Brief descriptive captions
⁂

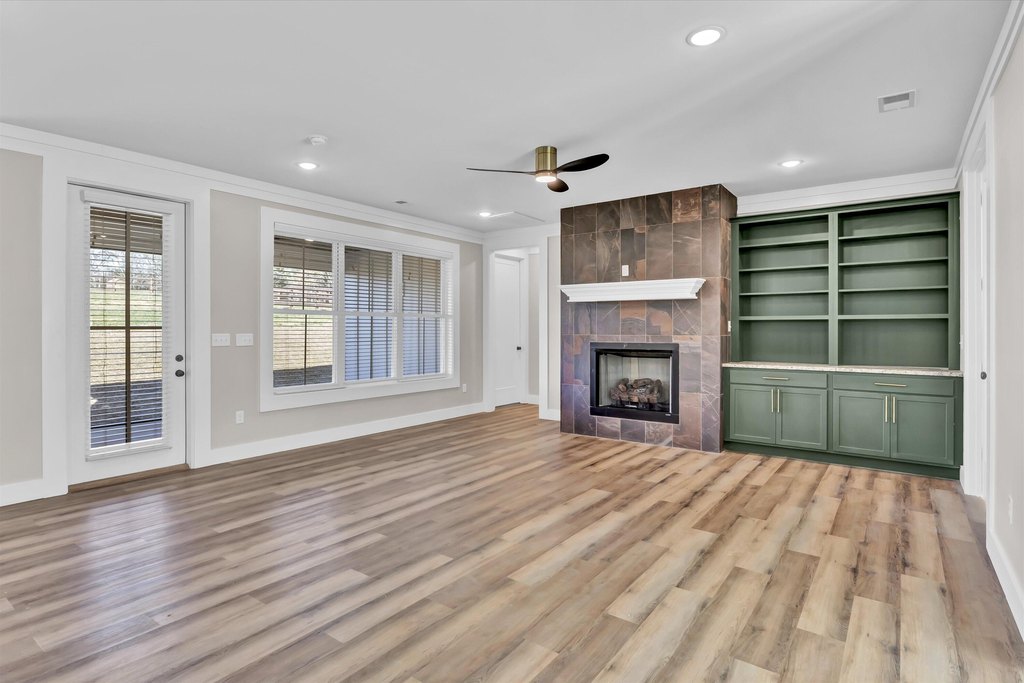 Sevierville, Tennessee, 37876, United States, 3 Bedrooms Bedrooms, ,2 BathroomsBathrooms,Residential,Forsale,1986941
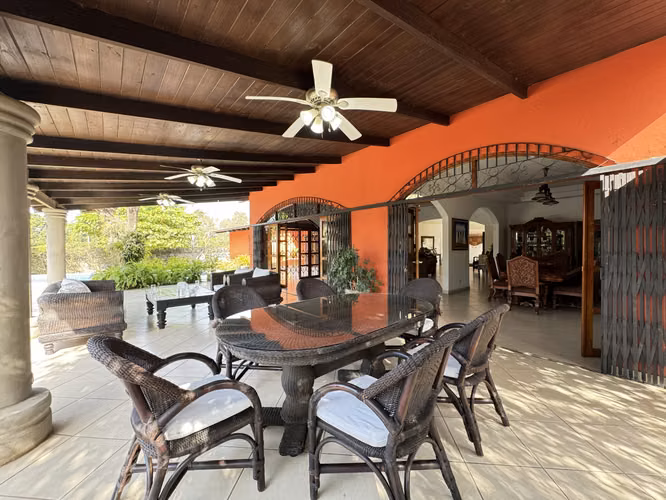 Venta de Casa en Las Colinas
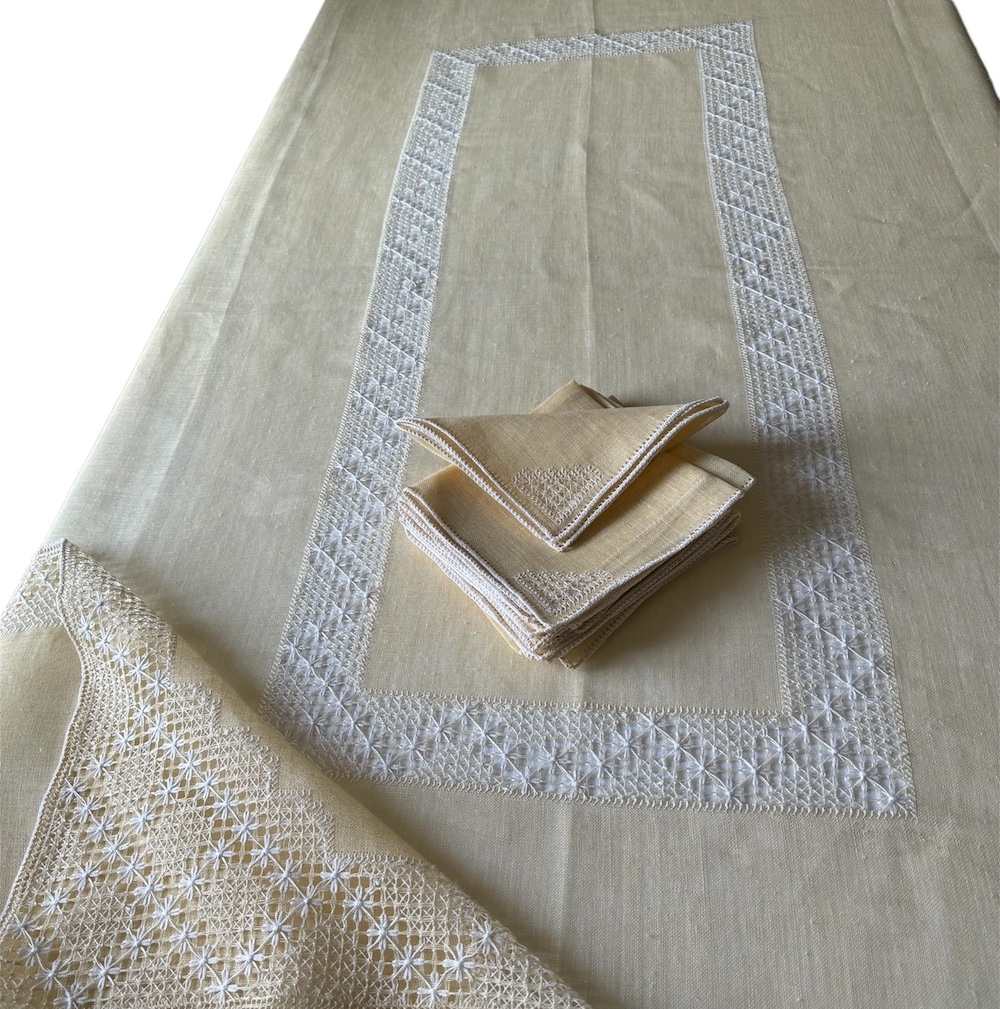 Vintage Italian hand embroidered table linens set in pale yellow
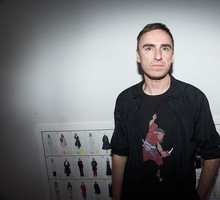 Raf Simons zamyka swoją markę po 27 latach. Projektant skasował już prawie wszystko na Instagramie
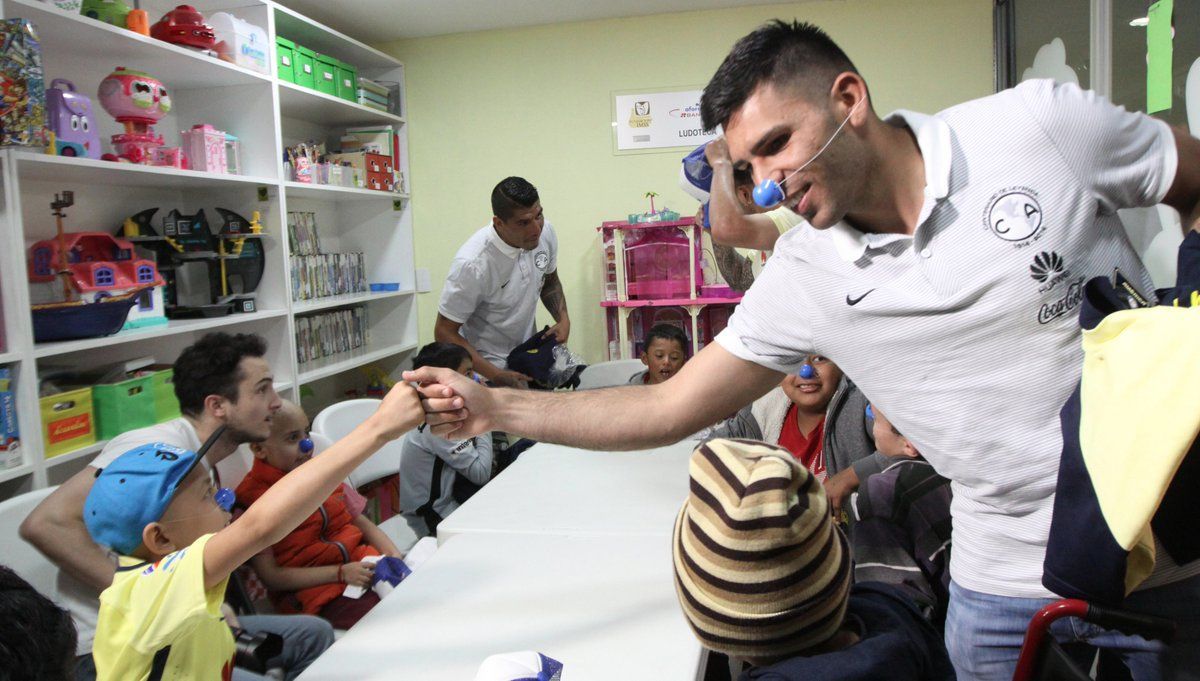 Jugadores del América conviven con niños con cáncer - america-niños-áncer
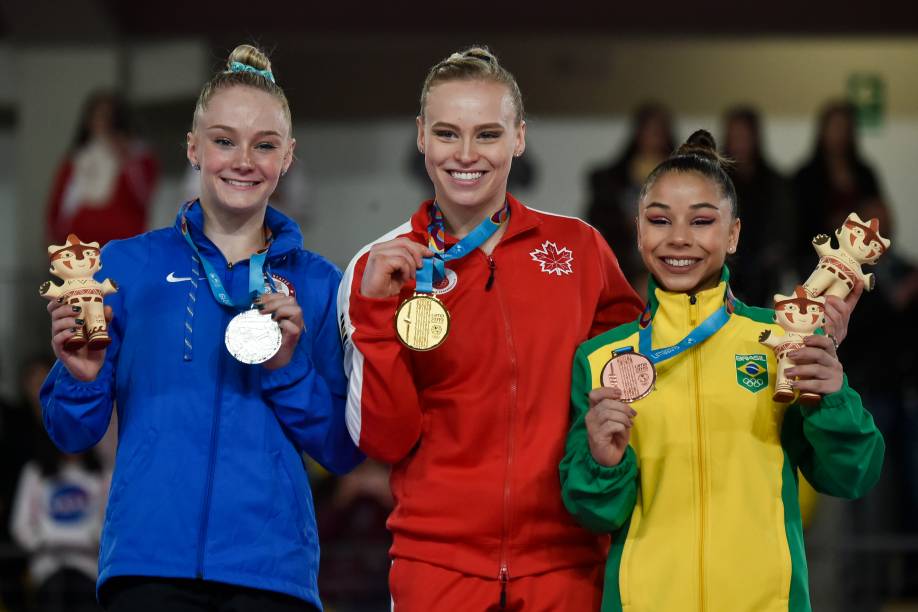 A americana Riley Mc Cusker, a canadense Elsabeth Black e a brasileira Flavia Saraiva posam no pódio com suas medalhas de prata, ouro e bronze, respectivamente, depois de competirem na final individual de Ginástica Artística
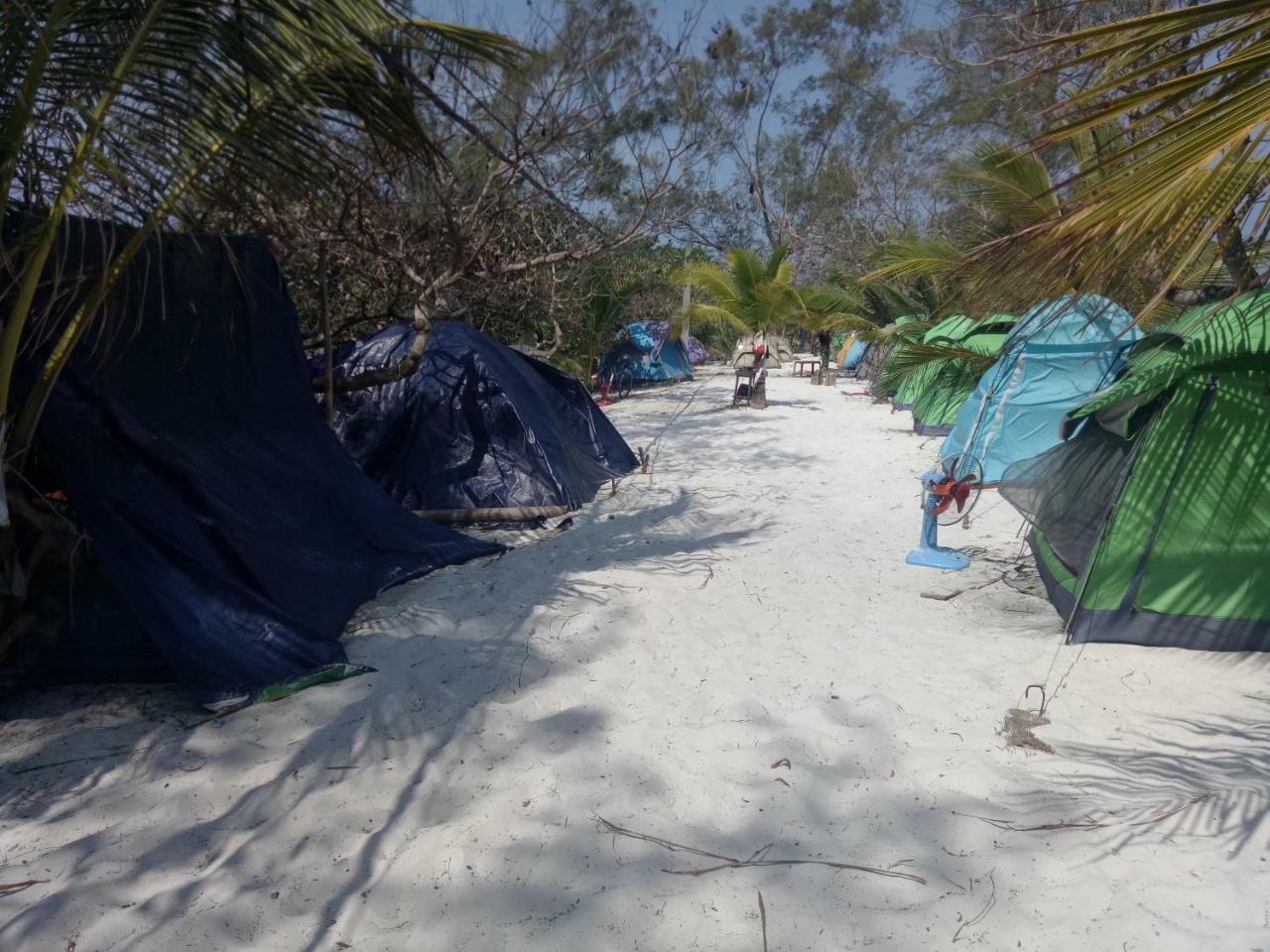 Sandbank Restaurant & Camping Koh Rong Kaoh Touch Екстер'єр фото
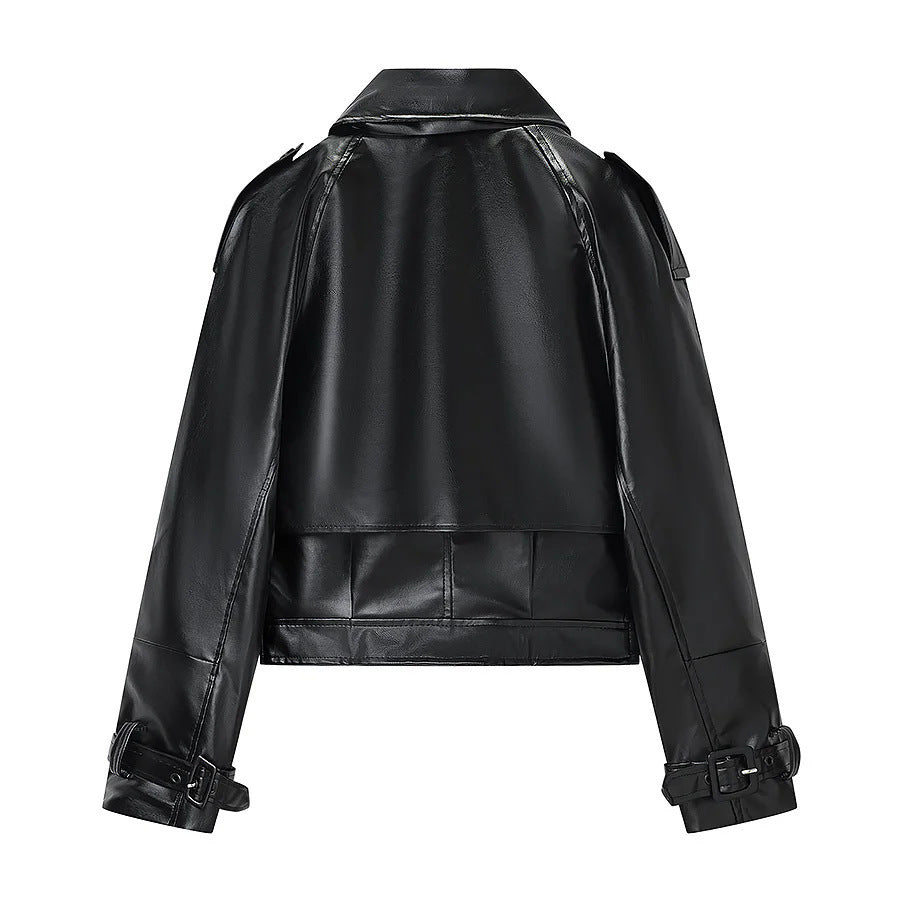 Damen nan kurzer taillierter Bikerblouson aus veganem Lederimitat mit Schalkragen, Taillengürtel und verstellbaren Manschetten Drune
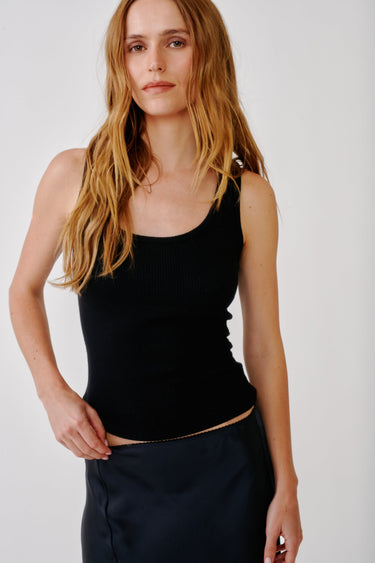 COCO SCOOP NECK TANK in black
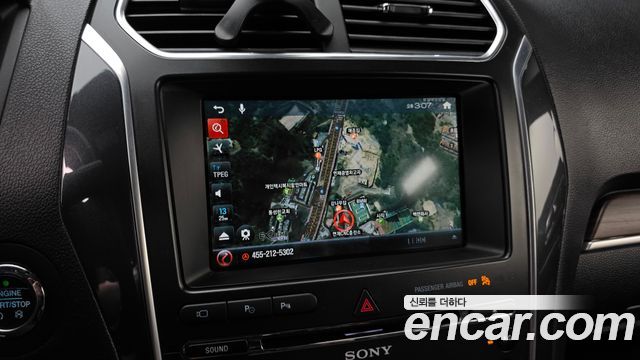 Ford Explorer 2.3 Limited 4WD 5th 2018 — фото 15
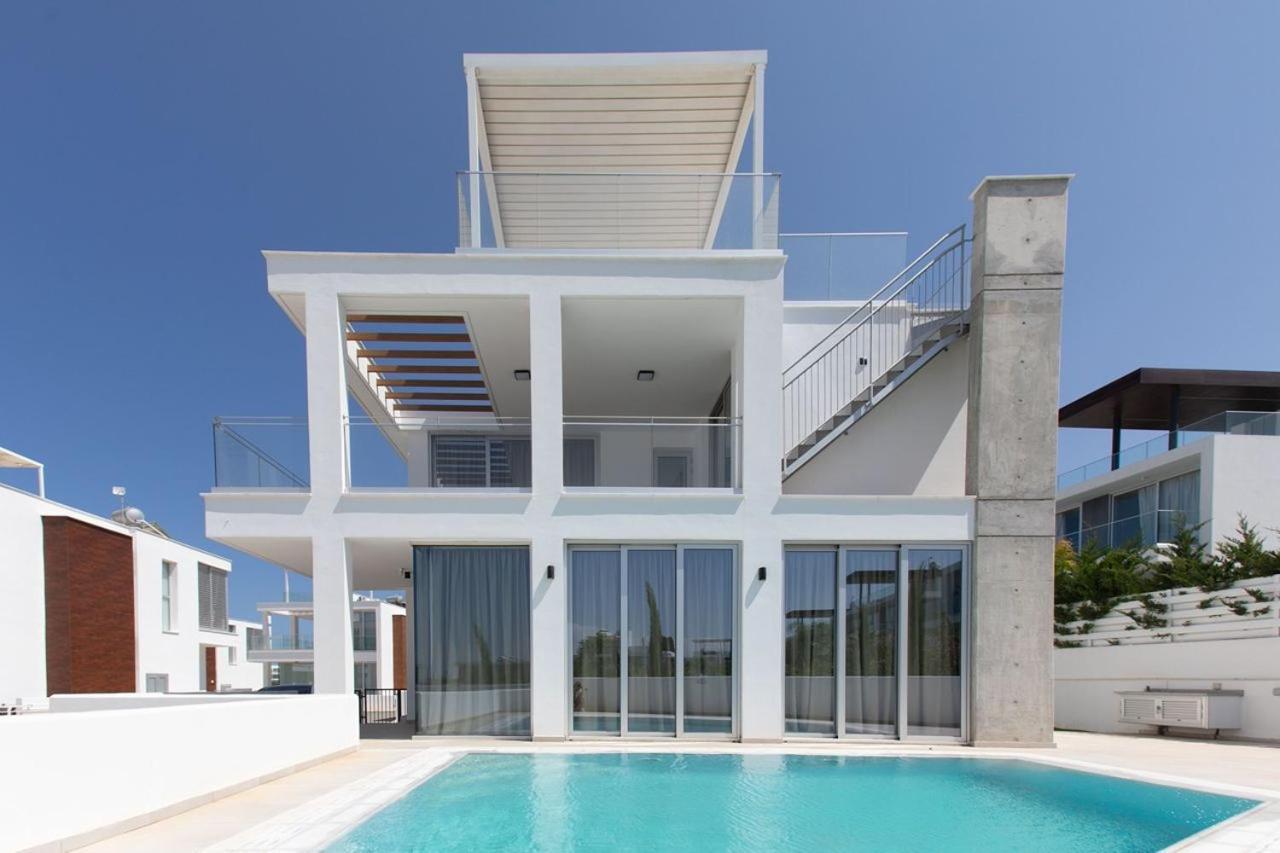 Villa Brand New 2-floor With Private Swimming Pool *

⁂

▶ What is being asked: Print exactly the lines above that run from the one with "Sandbank Restaurant &" down to the one with "COCO SCOOP NECK TANK in black", and omit the pictures.

▶ Answer section:
 Sandbank Restaurant & Camping Koh Rong Kaoh Touch Екстер'єр фото
 Damen nan kurzer taillierter Bikerblouson aus veganem Lederimitat mit Schalkragen, Taillengürtel und verstellbaren Manschetten Drune
 COCO SCOOP NECK TANK in black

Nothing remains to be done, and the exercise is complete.